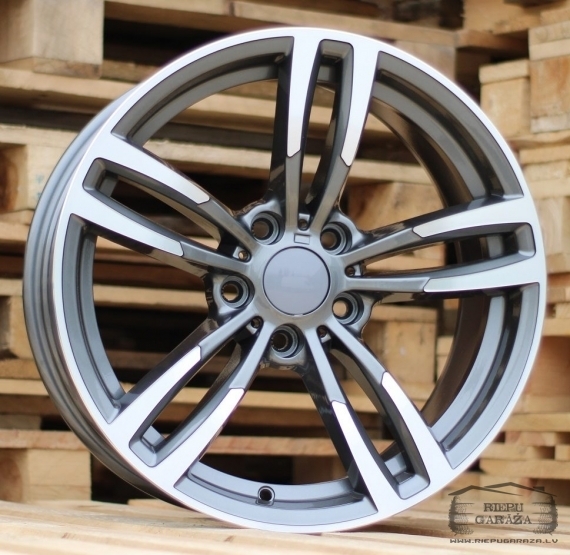 R19 x 8.5;9.5J 5x120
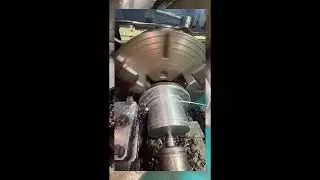 Chuck Plate machining For Printing Industries! 🇮🇳⚙️🤖🙏
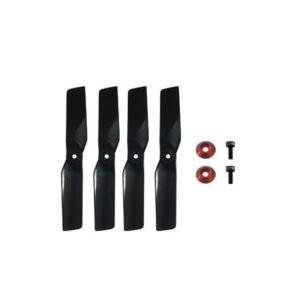 DAYUDDRICAR HCW8501 RC Helicopter Tail Propeller Blade Kit Spare Part for GOOSKY S1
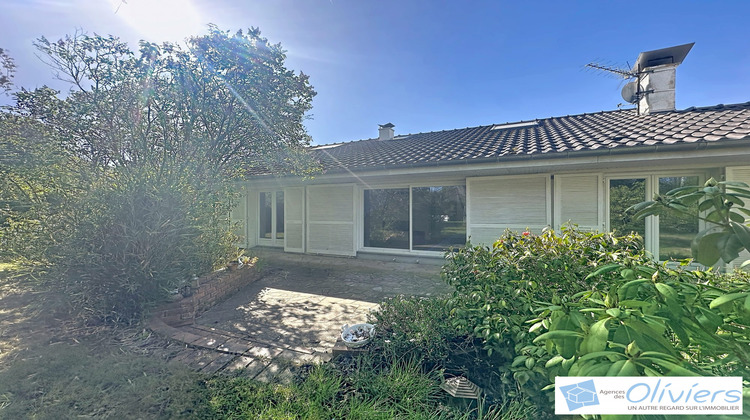 Ma-Cabane - Vente Maison Cernay-la-Ville, 117 m²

Assignment: Transcribe the material exactly, keeping every word and none of the pictures.

Solution to this problem:
 R19 x 8.5;9.5J 5x120
 Chuck Plate machining For Printing Industries! 🇮🇳⚙️🤖🙏
 DAYUDDRICAR HCW8501 RC Helicopter Tail Propeller Blade Kit Spare Part for GOOSKY S1
 Ma-Cabane - Vente Maison Cernay-la-Ville, 117 m²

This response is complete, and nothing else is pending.